=== Saved data entries ===
◆ ◆ ◆ ◆ ◆ ◆ ◆

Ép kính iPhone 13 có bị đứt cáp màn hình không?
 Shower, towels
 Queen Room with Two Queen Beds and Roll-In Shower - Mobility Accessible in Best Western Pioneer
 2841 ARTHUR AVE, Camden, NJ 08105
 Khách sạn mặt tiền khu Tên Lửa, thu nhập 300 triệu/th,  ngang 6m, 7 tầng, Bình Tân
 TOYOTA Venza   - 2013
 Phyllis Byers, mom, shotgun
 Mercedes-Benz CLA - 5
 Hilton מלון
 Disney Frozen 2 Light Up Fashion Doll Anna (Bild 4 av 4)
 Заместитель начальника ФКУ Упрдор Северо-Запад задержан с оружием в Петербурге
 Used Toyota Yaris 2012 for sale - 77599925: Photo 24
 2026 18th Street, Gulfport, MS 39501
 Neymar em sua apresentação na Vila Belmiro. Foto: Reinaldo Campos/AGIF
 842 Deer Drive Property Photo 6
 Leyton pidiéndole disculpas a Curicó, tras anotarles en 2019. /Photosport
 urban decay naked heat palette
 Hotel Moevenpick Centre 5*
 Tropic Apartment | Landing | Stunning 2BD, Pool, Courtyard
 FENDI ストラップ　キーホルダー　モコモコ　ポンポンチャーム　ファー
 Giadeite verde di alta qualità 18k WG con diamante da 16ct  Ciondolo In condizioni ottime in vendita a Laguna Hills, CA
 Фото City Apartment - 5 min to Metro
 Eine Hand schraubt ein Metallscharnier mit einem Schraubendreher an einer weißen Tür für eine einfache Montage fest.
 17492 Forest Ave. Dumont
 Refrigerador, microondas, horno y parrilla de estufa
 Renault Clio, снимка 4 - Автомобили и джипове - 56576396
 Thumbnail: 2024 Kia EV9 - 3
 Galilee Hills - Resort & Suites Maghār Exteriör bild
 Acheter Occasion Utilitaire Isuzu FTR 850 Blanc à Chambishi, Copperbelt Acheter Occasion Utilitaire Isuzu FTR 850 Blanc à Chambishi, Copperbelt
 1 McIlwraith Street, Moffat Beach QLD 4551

◆ ◆ ◆ ◆ ◆ ◆ ◆

Please copy each line above exactly as written.

=== Solved problem ===
Ép kính iPhone 13 có bị đứt cáp màn hình không?
 Shower, towels
 Queen Room with Two Queen Beds and Roll-In Shower - Mobility Accessible in Best Western Pioneer
 2841 ARTHUR AVE, Camden, NJ 08105
 Khách sạn mặt tiền khu Tên Lửa, thu nhập 300 triệu/th,  ngang 6m, 7 tầng, Bình Tân
 TOYOTA Venza   - 2013
 Phyllis Byers, mom, shotgun
 Mercedes-Benz CLA - 5
 Hilton מלון
 Disney Frozen 2 Light Up Fashion Doll Anna (Bild 4 av 4)
 Заместитель начальника ФКУ Упрдор Северо-Запад задержан с оружием в Петербурге
 Used Toyota Yaris 2012 for sale - 77599925: Photo 24
 2026 18th Street, Gulfport, MS 39501
 Neymar em sua apresentação na Vila Belmiro. Foto: Reinaldo Campos/AGIF
 842 Deer Drive Property Photo 6
 Leyton pidiéndole disculpas a Curicó, tras anotarles en 2019. /Photosport
 urban decay naked heat palette
 Hotel Moevenpick Centre 5*
 Tropic Apartment | Landing | Stunning 2BD, Pool, Courtyard
 FENDI ストラップ　キーホルダー　モコモコ　ポンポンチャーム　ファー
 Giadeite verde di alta qualità 18k WG con diamante da 16ct  Ciondolo In condizioni ottime in vendita a Laguna Hills, CA
 Фото City Apartment - 5 min to Metro
 Eine Hand schraubt ein Metallscharnier mit einem Schraubendreher an einer weißen Tür für eine einfache Montage fest.
 17492 Forest Ave. Dumont
 Refrigerador, microondas, horno y parrilla de estufa
 Renault Clio, снимка 4 - Автомобили и джипове - 56576396
 Thumbnail: 2024 Kia EV9 - 3
 Galilee Hills - Resort & Suites Maghār Exteriör bild
 Acheter Occasion Utilitaire Isuzu FTR 850 Blanc à Chambishi, Copperbelt Acheter Occasion Utilitaire Isuzu FTR 850 Blanc à Chambishi, Copperbelt
 1 McIlwraith Street, Moffat Beach QLD 4551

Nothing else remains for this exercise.